L'un des buts majeurs de l'art et des artistes est sans aucun doute de faire passer des émotions. Et les jeux vidéo ne sont pas réputés pour leur sensibilité, ce qui n'est que partiellement justifié. Les jeux vidéo ne sont pas arides : ils privilégient en fait certains affects par rapport à d'autres. Si l'on retire du lot la colère de perdre et la joie de gagner, trop épidermiques pour mériter un examen attentif, il nous reste en gros la peur, le stress et l'excitation, trois émotions qui fonctionnent très bien de manière interactive, et qui ont fait le succès des survival horror, des jeux de sport ou des doom-like. Peut-on aller plus loin, montrer ou susciter des sentiments comme la tristesse profonde, la compassion, la nostalgie ou même l'amour ? Bien sûr : par la force de la musique et du graphisme, par l'animation, par le charisme des personnages, par la gravité du sujet évoqué, par l'habileté de l'architecture et de la mise en scène... Les mélodies mélancoliques et limpides d'un Chrono Trigger ou d'un Legend of Mana, leurs images suggestives et enchanteresses ont une résonance affective surprenante. Cruciaux, ces moyens de faire passer des émotions ne sont toutefois pas spécifiques aux jeux vidéo : le cinéma utilise les mêmes. Alors, comment concilier émotion et interactivité ? Avant tout :

- en concevant une intelligence artificielle performante.
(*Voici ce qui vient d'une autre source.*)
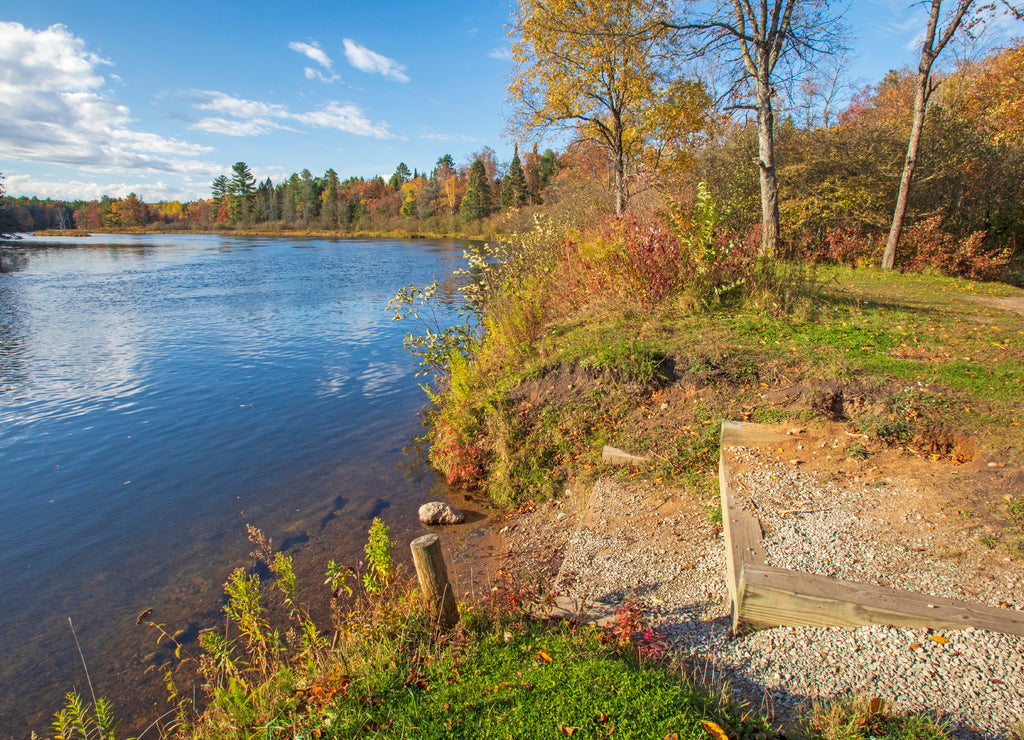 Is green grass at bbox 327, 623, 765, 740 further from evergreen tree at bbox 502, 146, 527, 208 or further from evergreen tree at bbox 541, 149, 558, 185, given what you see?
evergreen tree at bbox 541, 149, 558, 185

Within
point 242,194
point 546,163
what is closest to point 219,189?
point 242,194

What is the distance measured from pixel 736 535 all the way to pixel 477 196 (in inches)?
2596

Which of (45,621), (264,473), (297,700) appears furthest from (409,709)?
(264,473)

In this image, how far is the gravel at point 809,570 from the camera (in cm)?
278

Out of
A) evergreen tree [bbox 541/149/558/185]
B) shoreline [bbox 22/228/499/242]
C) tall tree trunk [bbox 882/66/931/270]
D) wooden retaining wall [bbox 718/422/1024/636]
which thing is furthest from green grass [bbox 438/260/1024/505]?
evergreen tree [bbox 541/149/558/185]

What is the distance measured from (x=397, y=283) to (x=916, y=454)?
2485 cm

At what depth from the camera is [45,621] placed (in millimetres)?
4980

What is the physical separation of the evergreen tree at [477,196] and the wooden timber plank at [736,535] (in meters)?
64.5

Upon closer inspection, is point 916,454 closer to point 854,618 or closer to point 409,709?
point 854,618

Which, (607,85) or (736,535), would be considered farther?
(607,85)

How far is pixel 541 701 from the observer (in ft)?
9.04

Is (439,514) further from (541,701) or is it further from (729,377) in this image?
(729,377)

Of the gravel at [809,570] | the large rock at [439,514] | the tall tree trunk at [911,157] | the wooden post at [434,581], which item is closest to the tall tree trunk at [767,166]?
the gravel at [809,570]

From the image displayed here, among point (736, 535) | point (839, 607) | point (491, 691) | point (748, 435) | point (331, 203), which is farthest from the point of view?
point (331, 203) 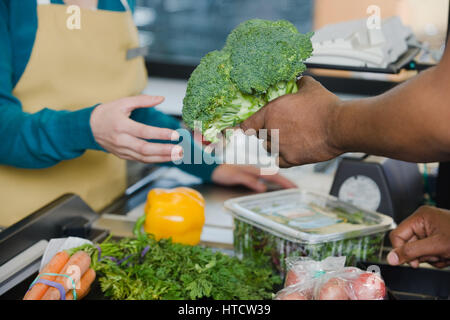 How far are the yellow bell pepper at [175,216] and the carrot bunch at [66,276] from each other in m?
0.23

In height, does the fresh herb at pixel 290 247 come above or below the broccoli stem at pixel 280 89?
below

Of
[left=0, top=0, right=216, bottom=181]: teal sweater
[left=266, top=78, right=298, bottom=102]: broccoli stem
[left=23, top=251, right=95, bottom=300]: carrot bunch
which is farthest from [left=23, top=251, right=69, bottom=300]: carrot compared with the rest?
[left=266, top=78, right=298, bottom=102]: broccoli stem

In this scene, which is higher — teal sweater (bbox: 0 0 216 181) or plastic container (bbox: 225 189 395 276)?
teal sweater (bbox: 0 0 216 181)

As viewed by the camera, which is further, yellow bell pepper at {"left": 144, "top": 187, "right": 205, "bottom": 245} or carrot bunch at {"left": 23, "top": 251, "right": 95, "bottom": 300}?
yellow bell pepper at {"left": 144, "top": 187, "right": 205, "bottom": 245}

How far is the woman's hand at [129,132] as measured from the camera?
1315mm

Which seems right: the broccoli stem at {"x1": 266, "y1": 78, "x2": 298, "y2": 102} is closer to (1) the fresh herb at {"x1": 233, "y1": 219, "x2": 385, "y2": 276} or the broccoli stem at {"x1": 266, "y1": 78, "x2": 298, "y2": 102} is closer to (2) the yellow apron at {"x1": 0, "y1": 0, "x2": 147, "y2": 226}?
(1) the fresh herb at {"x1": 233, "y1": 219, "x2": 385, "y2": 276}

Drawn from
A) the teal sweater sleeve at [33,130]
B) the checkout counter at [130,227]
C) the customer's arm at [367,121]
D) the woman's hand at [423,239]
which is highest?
the customer's arm at [367,121]

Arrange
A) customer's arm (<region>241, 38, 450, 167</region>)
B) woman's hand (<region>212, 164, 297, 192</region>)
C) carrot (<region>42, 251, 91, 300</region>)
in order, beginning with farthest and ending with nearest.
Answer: woman's hand (<region>212, 164, 297, 192</region>) → carrot (<region>42, 251, 91, 300</region>) → customer's arm (<region>241, 38, 450, 167</region>)

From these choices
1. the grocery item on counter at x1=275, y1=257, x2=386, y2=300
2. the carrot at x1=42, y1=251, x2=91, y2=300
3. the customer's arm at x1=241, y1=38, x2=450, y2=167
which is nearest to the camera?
the customer's arm at x1=241, y1=38, x2=450, y2=167

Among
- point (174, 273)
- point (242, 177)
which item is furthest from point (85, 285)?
point (242, 177)

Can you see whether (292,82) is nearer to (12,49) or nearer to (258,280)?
(258,280)

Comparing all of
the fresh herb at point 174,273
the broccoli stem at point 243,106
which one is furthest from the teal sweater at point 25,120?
the broccoli stem at point 243,106

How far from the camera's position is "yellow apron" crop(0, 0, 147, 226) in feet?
5.07

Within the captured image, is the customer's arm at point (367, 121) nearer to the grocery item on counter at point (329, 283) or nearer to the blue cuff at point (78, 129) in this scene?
the grocery item on counter at point (329, 283) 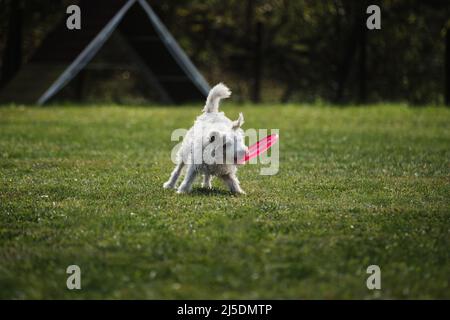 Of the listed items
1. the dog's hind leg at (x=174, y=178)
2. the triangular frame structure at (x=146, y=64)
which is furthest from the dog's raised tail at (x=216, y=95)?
the triangular frame structure at (x=146, y=64)

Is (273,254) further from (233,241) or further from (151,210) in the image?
(151,210)

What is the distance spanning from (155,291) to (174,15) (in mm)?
22206

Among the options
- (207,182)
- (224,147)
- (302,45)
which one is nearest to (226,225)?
(224,147)

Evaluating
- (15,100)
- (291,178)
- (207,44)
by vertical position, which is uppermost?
(207,44)

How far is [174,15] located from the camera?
26.8 meters

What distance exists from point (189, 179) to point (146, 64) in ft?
48.9

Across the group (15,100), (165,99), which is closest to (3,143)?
(15,100)

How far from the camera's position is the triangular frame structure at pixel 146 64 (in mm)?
20047

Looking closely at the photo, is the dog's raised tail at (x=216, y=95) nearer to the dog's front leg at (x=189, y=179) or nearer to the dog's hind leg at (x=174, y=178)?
the dog's hind leg at (x=174, y=178)

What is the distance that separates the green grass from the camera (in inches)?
215

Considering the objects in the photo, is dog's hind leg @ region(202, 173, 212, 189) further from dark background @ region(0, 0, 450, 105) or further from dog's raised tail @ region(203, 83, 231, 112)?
dark background @ region(0, 0, 450, 105)

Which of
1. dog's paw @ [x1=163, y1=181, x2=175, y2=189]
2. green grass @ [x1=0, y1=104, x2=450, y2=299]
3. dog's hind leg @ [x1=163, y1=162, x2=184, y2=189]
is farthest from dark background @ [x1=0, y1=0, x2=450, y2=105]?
dog's paw @ [x1=163, y1=181, x2=175, y2=189]

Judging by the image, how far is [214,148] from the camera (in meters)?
8.30

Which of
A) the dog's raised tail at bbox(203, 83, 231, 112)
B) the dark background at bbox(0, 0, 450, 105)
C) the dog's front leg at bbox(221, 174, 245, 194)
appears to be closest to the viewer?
the dog's front leg at bbox(221, 174, 245, 194) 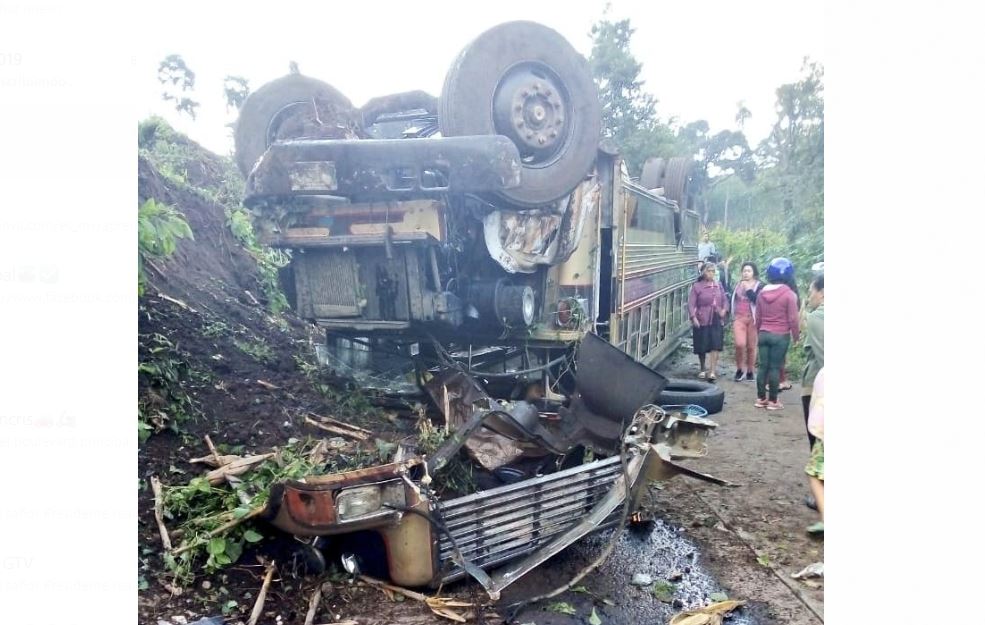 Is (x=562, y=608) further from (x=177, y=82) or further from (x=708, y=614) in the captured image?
(x=177, y=82)

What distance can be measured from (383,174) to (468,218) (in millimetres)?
393

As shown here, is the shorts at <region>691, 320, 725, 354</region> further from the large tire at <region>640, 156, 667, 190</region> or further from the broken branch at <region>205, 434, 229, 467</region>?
the broken branch at <region>205, 434, 229, 467</region>

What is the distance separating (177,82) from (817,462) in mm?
2157

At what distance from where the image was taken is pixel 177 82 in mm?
1802

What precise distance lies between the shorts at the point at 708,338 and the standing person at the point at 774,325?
43 cm

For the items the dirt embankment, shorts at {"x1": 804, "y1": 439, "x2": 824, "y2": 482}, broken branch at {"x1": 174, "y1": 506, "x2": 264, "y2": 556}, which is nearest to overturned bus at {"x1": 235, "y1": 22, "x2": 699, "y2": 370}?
the dirt embankment

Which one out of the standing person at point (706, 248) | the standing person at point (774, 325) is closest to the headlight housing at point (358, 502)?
the standing person at point (774, 325)

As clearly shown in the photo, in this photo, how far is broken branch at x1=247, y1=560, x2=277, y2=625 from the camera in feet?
4.91

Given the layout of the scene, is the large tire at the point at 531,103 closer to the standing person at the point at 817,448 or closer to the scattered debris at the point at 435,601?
the standing person at the point at 817,448

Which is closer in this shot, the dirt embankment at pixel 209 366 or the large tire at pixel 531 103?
the dirt embankment at pixel 209 366

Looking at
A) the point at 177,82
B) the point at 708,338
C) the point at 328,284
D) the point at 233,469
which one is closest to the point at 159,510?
the point at 233,469

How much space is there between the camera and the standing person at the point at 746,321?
7.80 ft

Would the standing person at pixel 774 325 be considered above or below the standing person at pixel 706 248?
below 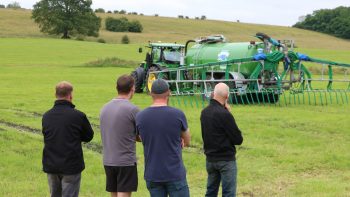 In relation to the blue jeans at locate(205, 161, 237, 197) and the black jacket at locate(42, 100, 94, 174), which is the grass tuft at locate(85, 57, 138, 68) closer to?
the blue jeans at locate(205, 161, 237, 197)

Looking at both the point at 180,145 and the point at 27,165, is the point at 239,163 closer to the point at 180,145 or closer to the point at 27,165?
the point at 27,165

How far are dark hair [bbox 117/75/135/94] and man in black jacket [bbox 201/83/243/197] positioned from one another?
103cm

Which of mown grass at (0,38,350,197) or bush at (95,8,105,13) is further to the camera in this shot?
bush at (95,8,105,13)

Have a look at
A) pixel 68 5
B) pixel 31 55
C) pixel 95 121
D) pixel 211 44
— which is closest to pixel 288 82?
pixel 211 44

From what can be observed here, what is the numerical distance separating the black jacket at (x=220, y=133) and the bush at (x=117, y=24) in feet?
288

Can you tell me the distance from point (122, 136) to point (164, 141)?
0.78 m

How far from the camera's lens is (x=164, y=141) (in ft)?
18.2

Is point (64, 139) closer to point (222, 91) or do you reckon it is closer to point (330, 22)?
point (222, 91)

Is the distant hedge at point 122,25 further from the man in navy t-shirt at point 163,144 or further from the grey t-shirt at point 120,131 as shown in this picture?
the man in navy t-shirt at point 163,144

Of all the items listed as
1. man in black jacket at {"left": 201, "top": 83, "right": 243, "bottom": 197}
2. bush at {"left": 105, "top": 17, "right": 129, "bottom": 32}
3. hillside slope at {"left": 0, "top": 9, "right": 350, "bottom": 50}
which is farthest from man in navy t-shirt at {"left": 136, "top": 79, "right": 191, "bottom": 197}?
bush at {"left": 105, "top": 17, "right": 129, "bottom": 32}

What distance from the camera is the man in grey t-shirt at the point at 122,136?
20.1 ft

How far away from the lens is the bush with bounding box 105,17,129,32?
93.3m

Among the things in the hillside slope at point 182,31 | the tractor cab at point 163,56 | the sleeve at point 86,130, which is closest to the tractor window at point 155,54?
the tractor cab at point 163,56

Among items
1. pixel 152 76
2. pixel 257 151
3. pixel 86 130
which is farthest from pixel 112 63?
pixel 86 130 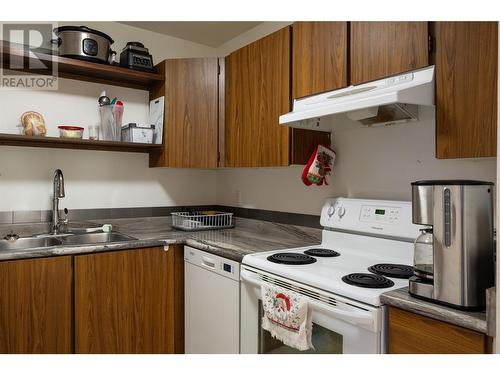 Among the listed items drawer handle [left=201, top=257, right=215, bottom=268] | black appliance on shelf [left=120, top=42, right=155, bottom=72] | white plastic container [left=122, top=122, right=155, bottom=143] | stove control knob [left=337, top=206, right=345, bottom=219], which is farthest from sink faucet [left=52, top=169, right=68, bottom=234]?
stove control knob [left=337, top=206, right=345, bottom=219]

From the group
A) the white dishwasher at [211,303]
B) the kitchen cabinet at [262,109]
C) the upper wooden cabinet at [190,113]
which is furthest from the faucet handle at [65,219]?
the kitchen cabinet at [262,109]

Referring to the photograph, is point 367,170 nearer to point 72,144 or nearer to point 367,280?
point 367,280

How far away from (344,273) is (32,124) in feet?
6.32

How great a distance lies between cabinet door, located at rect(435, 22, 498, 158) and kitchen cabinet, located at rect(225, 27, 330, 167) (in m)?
0.79

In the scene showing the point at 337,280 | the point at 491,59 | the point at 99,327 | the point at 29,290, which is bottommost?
the point at 99,327

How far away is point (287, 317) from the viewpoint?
1420 millimetres

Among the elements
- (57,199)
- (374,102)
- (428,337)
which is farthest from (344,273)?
(57,199)

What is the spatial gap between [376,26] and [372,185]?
77 cm

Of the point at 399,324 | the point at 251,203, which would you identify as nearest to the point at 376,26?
the point at 399,324

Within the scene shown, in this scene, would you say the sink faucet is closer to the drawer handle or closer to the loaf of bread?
the loaf of bread

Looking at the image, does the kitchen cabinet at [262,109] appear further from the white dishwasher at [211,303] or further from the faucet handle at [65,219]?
the faucet handle at [65,219]

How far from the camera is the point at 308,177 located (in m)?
2.03

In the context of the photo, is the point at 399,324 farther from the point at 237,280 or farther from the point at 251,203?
the point at 251,203

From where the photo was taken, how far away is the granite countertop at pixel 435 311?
98 centimetres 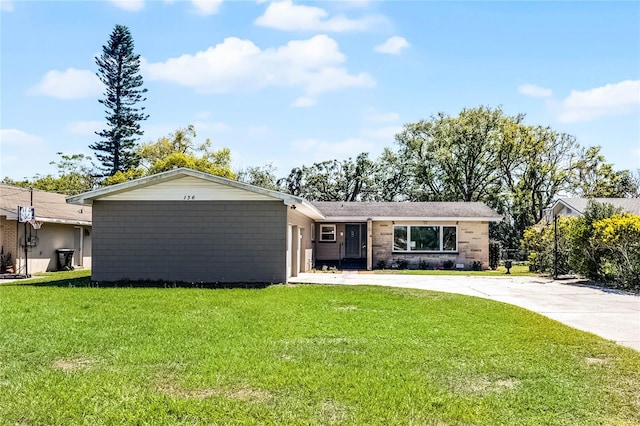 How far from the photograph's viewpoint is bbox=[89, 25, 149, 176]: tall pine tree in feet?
116

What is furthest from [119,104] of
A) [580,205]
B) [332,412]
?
[332,412]

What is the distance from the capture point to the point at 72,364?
18.4 feet

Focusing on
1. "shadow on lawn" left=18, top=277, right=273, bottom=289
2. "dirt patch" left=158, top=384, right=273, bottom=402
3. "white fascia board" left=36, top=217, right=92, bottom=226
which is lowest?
"dirt patch" left=158, top=384, right=273, bottom=402

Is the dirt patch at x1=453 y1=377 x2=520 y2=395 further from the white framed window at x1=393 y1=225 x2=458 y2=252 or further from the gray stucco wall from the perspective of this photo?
the white framed window at x1=393 y1=225 x2=458 y2=252

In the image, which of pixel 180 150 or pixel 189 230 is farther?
pixel 180 150

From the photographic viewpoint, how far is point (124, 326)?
25.3 ft

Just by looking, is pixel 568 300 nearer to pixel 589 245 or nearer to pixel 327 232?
pixel 589 245

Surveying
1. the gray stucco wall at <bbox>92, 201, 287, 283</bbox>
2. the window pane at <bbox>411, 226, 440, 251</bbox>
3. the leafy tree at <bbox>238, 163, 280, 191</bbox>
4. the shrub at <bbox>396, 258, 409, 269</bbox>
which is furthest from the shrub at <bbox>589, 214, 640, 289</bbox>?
the leafy tree at <bbox>238, 163, 280, 191</bbox>

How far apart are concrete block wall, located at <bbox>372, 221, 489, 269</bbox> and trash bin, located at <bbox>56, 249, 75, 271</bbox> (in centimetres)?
1266

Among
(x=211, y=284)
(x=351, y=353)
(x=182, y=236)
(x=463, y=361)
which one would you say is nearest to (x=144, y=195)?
(x=182, y=236)

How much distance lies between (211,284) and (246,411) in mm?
10525

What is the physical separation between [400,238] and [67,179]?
98.1 ft

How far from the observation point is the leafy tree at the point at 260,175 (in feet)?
138

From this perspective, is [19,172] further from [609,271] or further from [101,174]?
[609,271] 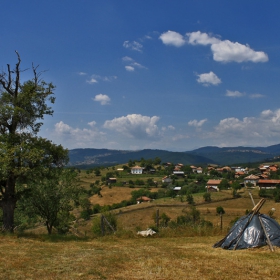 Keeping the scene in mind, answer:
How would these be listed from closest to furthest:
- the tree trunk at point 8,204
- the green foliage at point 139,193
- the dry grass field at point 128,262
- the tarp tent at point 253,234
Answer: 1. the dry grass field at point 128,262
2. the tarp tent at point 253,234
3. the tree trunk at point 8,204
4. the green foliage at point 139,193

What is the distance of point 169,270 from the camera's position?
9508mm

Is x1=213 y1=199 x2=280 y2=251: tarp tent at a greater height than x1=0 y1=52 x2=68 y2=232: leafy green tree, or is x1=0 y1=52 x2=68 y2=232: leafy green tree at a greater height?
x1=0 y1=52 x2=68 y2=232: leafy green tree

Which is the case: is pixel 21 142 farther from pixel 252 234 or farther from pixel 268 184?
pixel 268 184

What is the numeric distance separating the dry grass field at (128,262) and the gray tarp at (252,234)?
1.54 ft

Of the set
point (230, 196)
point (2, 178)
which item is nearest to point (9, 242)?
point (2, 178)

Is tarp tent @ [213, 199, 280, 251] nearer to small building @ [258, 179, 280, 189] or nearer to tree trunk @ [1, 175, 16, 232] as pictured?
A: tree trunk @ [1, 175, 16, 232]

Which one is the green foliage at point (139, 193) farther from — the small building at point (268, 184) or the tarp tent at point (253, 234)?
the tarp tent at point (253, 234)

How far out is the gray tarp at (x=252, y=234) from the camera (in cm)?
1321

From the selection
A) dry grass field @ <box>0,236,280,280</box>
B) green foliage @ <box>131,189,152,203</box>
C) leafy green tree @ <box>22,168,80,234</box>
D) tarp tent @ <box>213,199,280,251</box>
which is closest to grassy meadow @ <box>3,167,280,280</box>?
dry grass field @ <box>0,236,280,280</box>

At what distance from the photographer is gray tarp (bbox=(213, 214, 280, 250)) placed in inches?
520

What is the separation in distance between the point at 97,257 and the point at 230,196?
9091cm

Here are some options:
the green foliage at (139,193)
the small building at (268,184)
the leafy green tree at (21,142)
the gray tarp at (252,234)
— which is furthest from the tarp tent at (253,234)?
the small building at (268,184)

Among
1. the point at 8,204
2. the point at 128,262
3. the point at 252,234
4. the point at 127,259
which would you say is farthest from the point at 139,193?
the point at 128,262

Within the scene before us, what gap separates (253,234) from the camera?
13492 millimetres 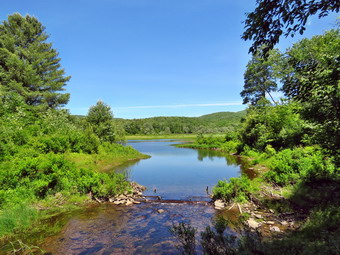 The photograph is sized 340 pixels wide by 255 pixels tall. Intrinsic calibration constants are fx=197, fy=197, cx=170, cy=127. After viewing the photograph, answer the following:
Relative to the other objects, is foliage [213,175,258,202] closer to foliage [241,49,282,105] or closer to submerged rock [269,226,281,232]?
submerged rock [269,226,281,232]

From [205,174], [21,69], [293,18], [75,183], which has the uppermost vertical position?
[21,69]

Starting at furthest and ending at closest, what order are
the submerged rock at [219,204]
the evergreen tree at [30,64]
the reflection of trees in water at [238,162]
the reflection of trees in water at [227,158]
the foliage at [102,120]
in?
the foliage at [102,120] → the evergreen tree at [30,64] → the reflection of trees in water at [227,158] → the reflection of trees in water at [238,162] → the submerged rock at [219,204]

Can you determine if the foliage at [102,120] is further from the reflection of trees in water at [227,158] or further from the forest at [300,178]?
the forest at [300,178]

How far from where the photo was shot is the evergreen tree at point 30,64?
30.5 meters

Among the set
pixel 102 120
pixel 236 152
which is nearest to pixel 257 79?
pixel 236 152

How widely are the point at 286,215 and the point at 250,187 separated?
10.1 ft

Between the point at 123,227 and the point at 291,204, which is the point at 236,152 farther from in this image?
the point at 123,227

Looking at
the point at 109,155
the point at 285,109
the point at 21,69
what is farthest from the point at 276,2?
the point at 21,69

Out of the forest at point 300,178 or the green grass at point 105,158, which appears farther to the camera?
the green grass at point 105,158

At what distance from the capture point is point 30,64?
33375 mm

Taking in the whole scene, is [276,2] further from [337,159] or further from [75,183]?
[75,183]

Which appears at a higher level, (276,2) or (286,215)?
(276,2)

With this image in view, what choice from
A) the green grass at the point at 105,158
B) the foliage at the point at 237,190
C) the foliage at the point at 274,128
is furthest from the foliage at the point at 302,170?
the green grass at the point at 105,158

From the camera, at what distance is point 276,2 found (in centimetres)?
390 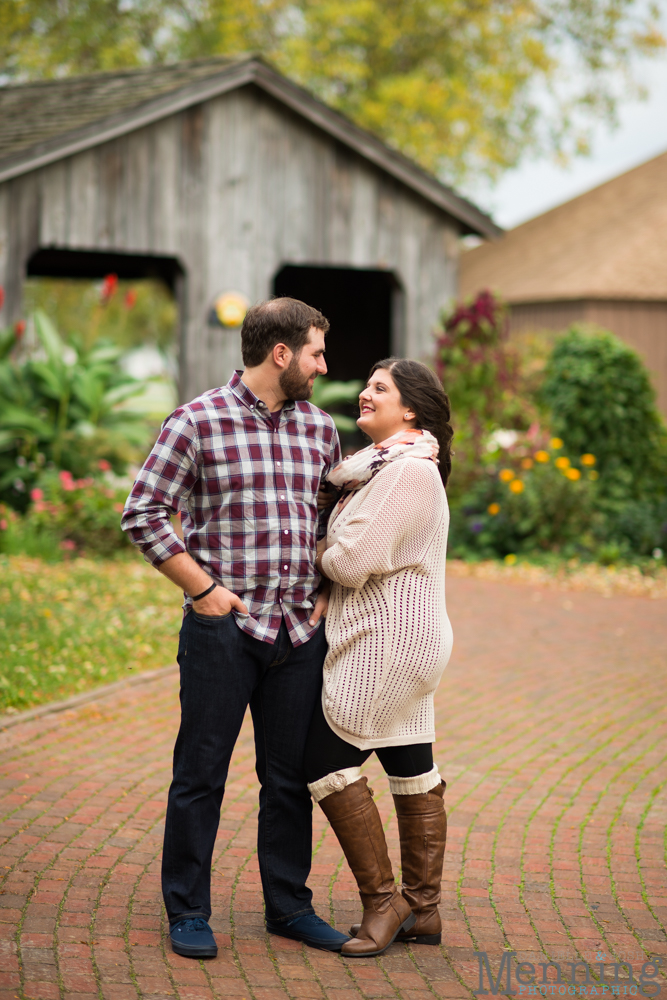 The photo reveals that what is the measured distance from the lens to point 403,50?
2761 centimetres

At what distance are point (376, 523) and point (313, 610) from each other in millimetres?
368

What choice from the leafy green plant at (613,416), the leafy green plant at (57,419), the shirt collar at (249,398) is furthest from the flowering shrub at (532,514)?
the shirt collar at (249,398)

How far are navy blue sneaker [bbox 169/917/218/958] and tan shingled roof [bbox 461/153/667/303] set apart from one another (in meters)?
21.7

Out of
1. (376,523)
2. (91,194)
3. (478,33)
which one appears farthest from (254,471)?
(478,33)

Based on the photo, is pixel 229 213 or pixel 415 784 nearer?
pixel 415 784

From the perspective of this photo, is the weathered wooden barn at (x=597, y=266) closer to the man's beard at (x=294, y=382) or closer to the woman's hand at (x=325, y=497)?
the woman's hand at (x=325, y=497)

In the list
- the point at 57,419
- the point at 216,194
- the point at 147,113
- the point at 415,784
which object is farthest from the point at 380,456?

- en laissant une part importante d'aléatoire dans l'environnement du jeu et dans le comportement des êtres qui l'habitent.

- en augmentant les enjeux d'une partie.

 

- en concevant une intelligence artificielle performante. C'est la condition obligatoire pour que les jeux s'approchent de leur aboutissement théorique. C'est -en partie- grâce à elle qu'émotion et interactivité pourront enfin être réunies. C'est également grâce à elle que le jeu s'émancipera enfin des formes de narration qui l'ont précédé. Le vrai progrès viendra quand les créatures virtuelles créeront l'illusion d'être réelles dans des situations complexes, et quand l'intelligence artificielle sera employée dans des situations autres que le conflit physique. Même si on s'y achemine avec des jeux décidément incontournables comme Half-Life ou Black & White, c'est pour l'instant une idée utopique, car cela exige :

- que les êtres virtuels arrivent à reproduire et à exprimer finement (par les mouvements du corps et du visage, par la voix) des comportements et des sentiments subtils. Les bots de Quake 3 ou d'Unreal Tournament sont une très belle ébauche d'intelligence artificielle performante, mais ils ne savent rien faire d'autre que de tuer le plus efficacement possible -même si les stratégies qu'ils emploient sont assez perfectionnées. Les ennemis de Perfect Dark sont plus intéressants, puisqu'ils parlent. Ils sont presque touchants lorsque, désarmés, ils implorent votre pitié d'un ton affolé ("Je fais seulement mon boulot", prétextent-ils parfois !). Un pas dans le bon sens.

Perfect Dark

- que le joueur puisse communiquer verbalement et gestuellement avec les êtres virtuels, grâce à un système riche et ergonomique (micros ? capteurs ?). Situé dans les quartiers chauds d'une grande ville américaine, Kingpin (PC, 1999) est une esquisse saisissante d'un tel système : une touche du clavier fait dire à votre personnage des phrases amicales, une autre touche des phrases hostiles (ces phrases sont automatiquement adaptées au contexte). A chaque nouvelle pression de l'un ou l'autre bouton, les phrases gagnent en intensité. Les personnages du jeu réagissent à ce que vous faites : si vous les insultez, ou si vous vous adressez à eux quand votre arme est sortie, certains prennent peur et s'enfuient, d'autres s'énervent et n'hésitent pas à faire rapidement usage de leur fusil à pompe… On voit bien le potentiel de cet amusant système d'interactivité : multipliez les types de phrases et les attitudes des personnages, et il y a là matière à faire du récit authentiquement émouvant et interactif. Cette prophétie d'Hironobu Sakaguchi, le producteur exécutif des Final Fantasy, pourrait alors se matérialiser : "Je pense que le genre du jeu de rôle va se développer au-delà de l'aventure et des batailles. Je prévois un angle plus interactif, avec des histoires d'amour qui font pleurer et des drames familiaux". Avant d'en arriver là, les obstacles à surmonter en matière d'intelligence artificielle seront titanesques, mais c'est une piste majeure à creuser.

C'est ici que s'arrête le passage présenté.